Il riscaldamento globale minaccia l’agricoltura anche in Europa, un continente non immune dal problema della sicurezza alimentare. Le principali colture, come grano e mais, non solo rendono meno in termini quantitativi, ma rischiano anche in termini qualitativi. Specialmente nel sud, dove il clima diventa più caldo e secco, è l’ora di adattarsi. L’Europa è il più grande produttore mondiale di grano, il secondo cereale più coltivato al mondo dopo il riso, un cereale che patisce particolarmente i colpi di calore. Il caldo torrido, infatti, può accelerare la sua maturazione, determinando una riduzione nei raccolti.
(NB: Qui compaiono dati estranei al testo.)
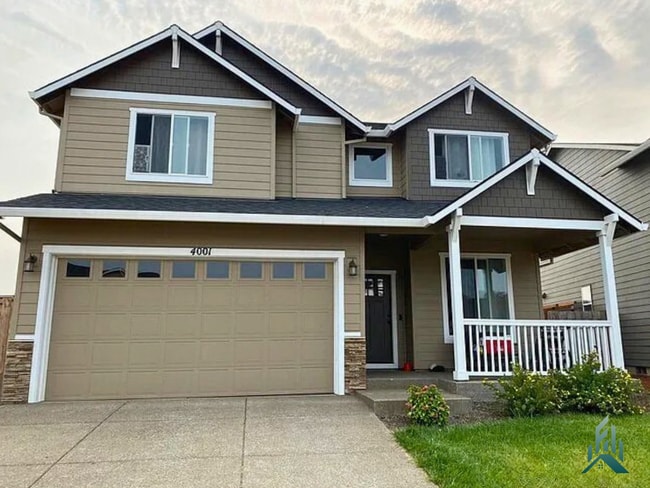Building Photo - Pet-friendly 4 bedroom, 2.5 bathroom Home in Adair Village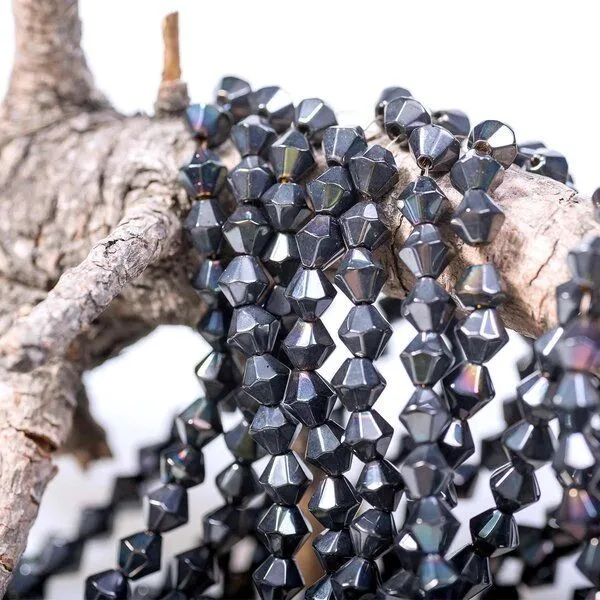 бусина, стекло биконус 6, цвет черный радужный, 6 мм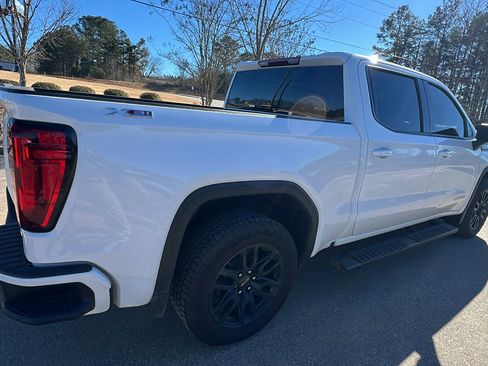 Used 2024 GMC Sierra 1500 Elevation image 8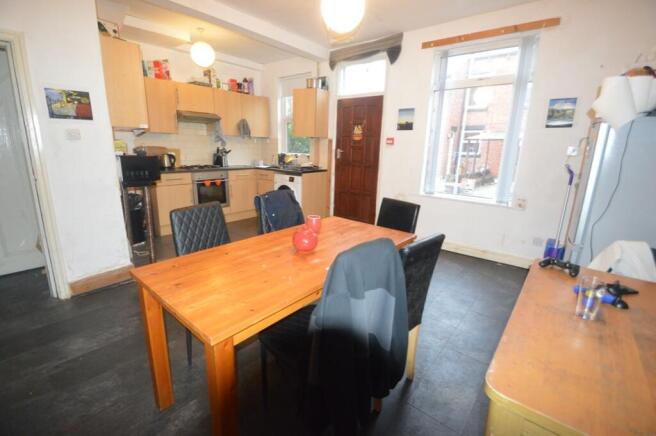 4 bed House to rent Image 6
Uno studio appena pubblicato su Nature dimostra come gli eventi climatici estremi e avversi – che il cambiamento climatico sta esacerbando in portata e frequenza – siano una minaccia grave alla produzione di grano. Usando gli ultimi modelli climatici combinati alle più recenti stime sulle emissioni di gas a effetto serra, i ricercatori hanno mostrato come gli eventi climatici avversi aumenteranno in maniera sostanziale entro il 2060, e come – data l’oramai appurata correlazione negativa tra caldo estremo e raccolti - ciò si tradurrà probabilmente in un più frequente fallimento dei raccolti di grano nel Vecchio Continente.
Dal 1980, con il progressivo aumento delle temperature, gli agricoltori che si dedicano alle colture di grano, mais e orzo hanno già visto diminuire i raccolti - anche se, oltre a quello climatico, altri fattori possono aver contribuito a tale declino. Con l’aumento di temperatura previsto per il 2040, dicono ora gli scienziati, i raccolti di grano e orzo si ridurranno di oltre il 20%, mentre quelli di mais di circa il 10%. Entrambe le ricerche mettono in rilievo l’importanza dell’adattamento agli impatti del cambiamento climatico da parte degli agricoltori europei nei decenni a venire. Adattarsi vuol dire studiare una serie di misure - dall’uso di varietà colturali o colture diverse a quello di sistemi d’irrigazione più adatti - basandosi sulle tecnologie attualmente disponibili, per ridurre gli impatti negativi del riscaldamento globale.
La novità dello studio di Stanford sta nel fatto che i ricercatori hanno misurato le potenzialità di adattamento dell’agricoltura europea: se alcune colture hanno possibilità sostanziali di riduzione delle perdite, fino all’87%, con un adattamento a lungo termine, per altre – come grano e orzo - il potenziale è molto limitato. È il mais la coltura con il più alto potenziale d’adattamento.
C’è un aspetto, o meglio un effetto, che finora non era emerso: la maggior concentrazione di anidride carbonica nell’atmosfera peggiorerà la qualità nutritiva del cibo che mangiamo. La collaborazione tra otto istituzioni scientifiche internazionali, Harvard in testa, ha permesso uno studio sull’argomento recentemente pubblicato su Nature. La squadra ha simulato le condizioni future, quelle che gli scienziati prevedono per il 2050, in campi all’aria aperta grazie a un sistema chiamato Face (Free Air Concentration Enrichment). Si sono studiate le reazioni di diverse varietà di grano, riso, mais, soia, piselli e sorgo. A crollare in particolare è l’apporto di zinco e ferro: due nutrienti importantissimi la cui carenza nell’alimentazione costituisce già un problema di salute planetario. Per quanto riguarda grano e riso, l’aumentare di CO2 determina anche il declino del loro contenuto proteico. Reggono meglio mais e sorgo, grazie al tipo di fotosintesi caratteristico di queste piante. Considerando che già oggi almeno 2 miliardi di persone soffrono di carenza da zinco e ferro, la riduzione di questi nutrienti rappresenta la più importante minaccia alla salute associata al cambiamento climatico mai dimostrata finora. Secondo gli autori della ricerca, le implicazioni di emissioni più alte di CO2 sulla malnutrizione a livello mondiale sono enormi.